SoftDTW-CUDA-Torch: Memory-Efficient GPU-Accelerated Soft Dynamic Time Warping for PyTorch
This work provides a more efficient and scalable tool for researchers and practitioners in time-series analysis using PyTorch, though it is incremental as it improves upon existing methods.
The authors tackled the limitations of existing GPU implementations of Soft Dynamic Time Warping (SoftDTW) by developing a PyTorch library that removes sequence-length constraints, ensures numerical stability, and reduces GPU memory usage by up to 98%.

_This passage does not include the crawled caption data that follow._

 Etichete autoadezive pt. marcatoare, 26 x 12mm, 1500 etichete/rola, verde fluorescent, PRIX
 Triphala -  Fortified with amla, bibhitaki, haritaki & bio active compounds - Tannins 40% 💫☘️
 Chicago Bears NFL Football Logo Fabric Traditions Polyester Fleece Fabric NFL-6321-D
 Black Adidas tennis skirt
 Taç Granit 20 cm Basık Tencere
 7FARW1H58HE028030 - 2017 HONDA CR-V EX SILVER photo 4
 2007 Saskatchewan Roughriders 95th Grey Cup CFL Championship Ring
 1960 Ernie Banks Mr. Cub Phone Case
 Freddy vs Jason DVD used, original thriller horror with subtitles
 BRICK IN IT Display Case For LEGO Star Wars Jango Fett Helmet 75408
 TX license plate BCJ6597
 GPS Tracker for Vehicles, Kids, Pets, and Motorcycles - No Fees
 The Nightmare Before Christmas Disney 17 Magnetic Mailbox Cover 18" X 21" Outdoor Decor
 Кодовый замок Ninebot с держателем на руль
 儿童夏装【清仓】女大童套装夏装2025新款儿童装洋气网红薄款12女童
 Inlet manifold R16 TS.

We present softdtw-cuda-torch, an open-source PyTorch library for computing Soft Dynamic Time Warping (SoftDTW) on GPUs. Our implementation addresses three key limitations of existing GPU implementations of SoftDTW: a hard sequence-length cap of 1024, numerical instability in the backward pass for small smoothing parameters, and excessive GPU memory consumption from materializing pairwise distance tensors. We introduce (1) tiled anti-diagonal kernel execution that removes the sequence-length constraint, (2) a log-space back-ward pass that prevents floating-point overflow, and (3) a fused distance-computation mode that eliminates the O(BN M ) intermediate distance tensor, achieving up to 98% memory reduction compared to prior work. The library supports arbitrary sequence lengths, full PyTorch autograd integration, and Soft-DTW Barycenter computation. Code is available at https://github.com/BGU-CS-VIL/sdtw-cuda-torch.